> _Problem details_:
When you copy the data, keep every word exactly as it is and leave the pictures out.

> _Dataset extract_:
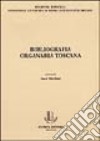 Bibliografia organaria toscana libro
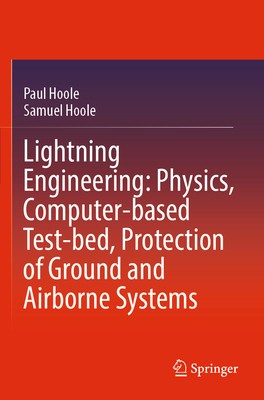 Lightning Engineering: Physics, Computer-Based Test-Bed, Protection of Ground and Airborne Systems foto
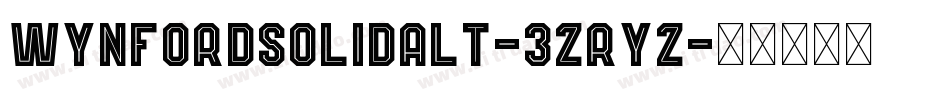 WynfordSolidAlt-3zRYZ字体转换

> _Written response_:
 Bibliografia organaria toscana libro
 Lightning Engineering: Physics, Computer-Based Test-Bed, Protection of Ground and Airborne Systems foto
 WynfordSolidAlt-3zRYZ字体转换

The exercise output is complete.